> **What you have to do**: From the line that contains "Xelkê Bakur û" down to the last line of the data below, restate every line word for word, skipping any images.

> **Source material**:
──────
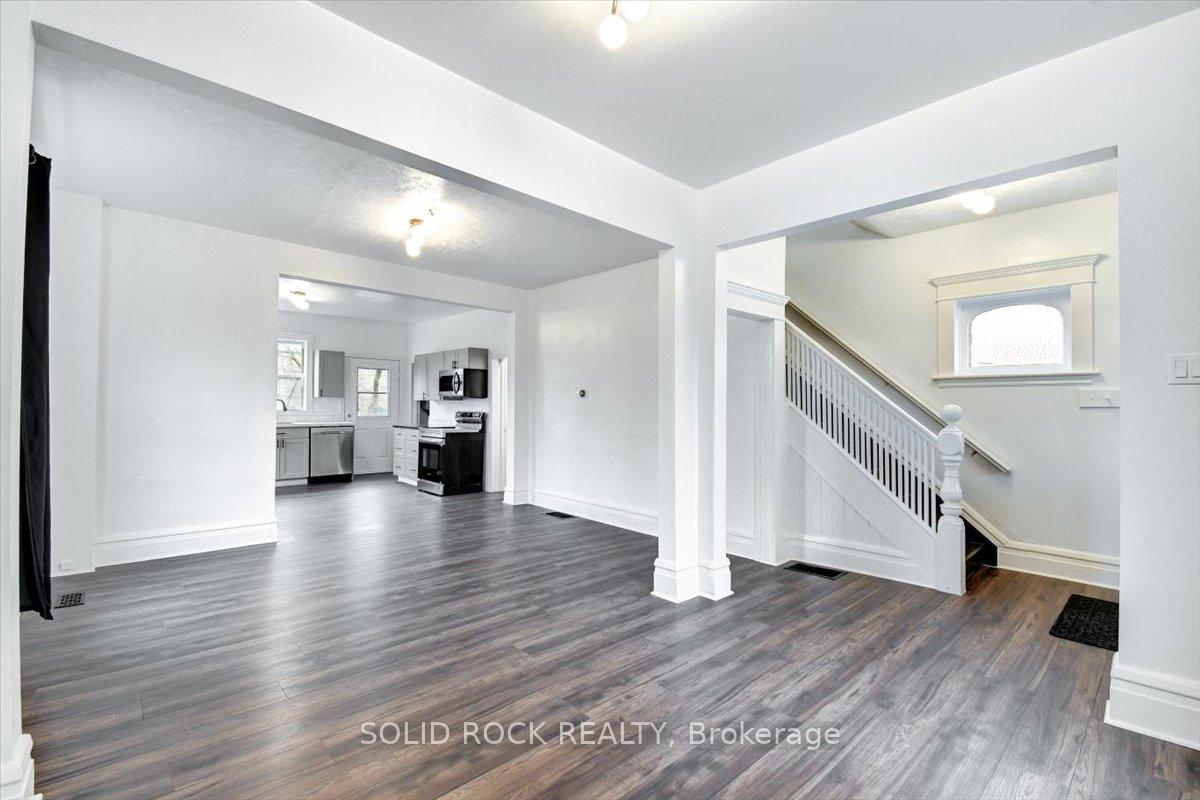 Photo 15 of 513 Romaine Street, Peterborough, Town Ward 3 — HOMEH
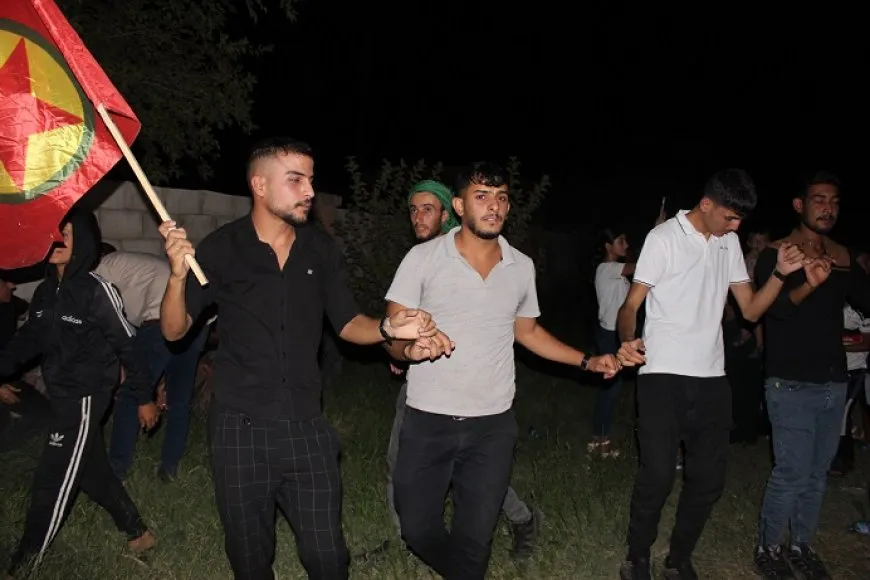 Xelkê Bakur û Rojhilatê Sûriyeyê bi çoşeke mezin 15ˊê Tebaxê pîroz kir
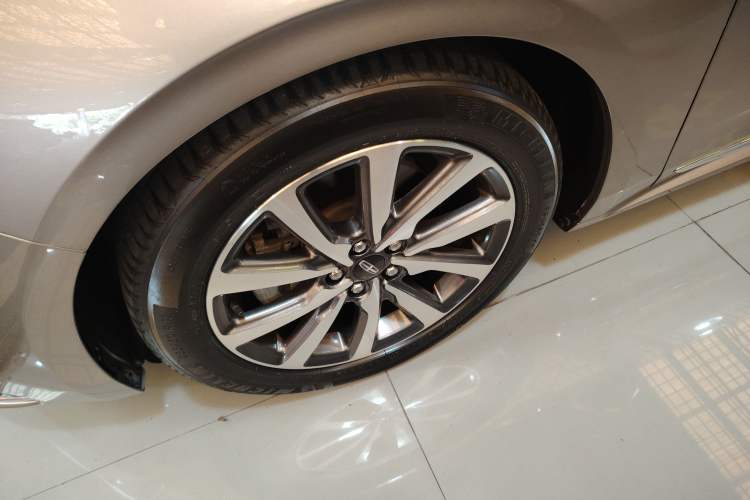 Used Lincoln Continental 2019 2.0T Two-Wheel Drive Luxury Edition China VI Standard
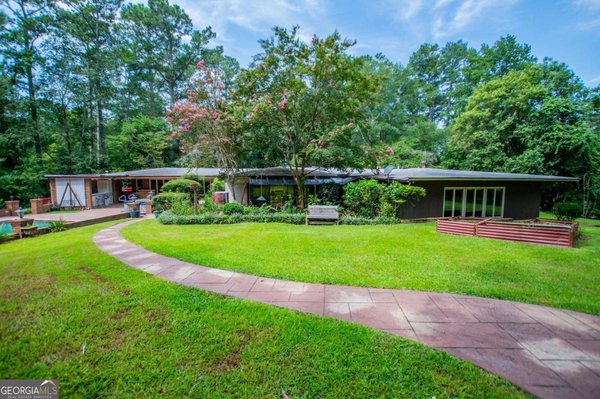 223 Lakeshore Drive, Carrollton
──────
> **Task answer**:
 Xelkê Bakur û Rojhilatê Sûriyeyê bi çoşeke mezin 15ˊê Tebaxê pîroz kir
 Used Lincoln Continental 2019 2.0T Two-Wheel Drive Luxury Edition China VI Standard
 223 Lakeshore Drive, Carrollton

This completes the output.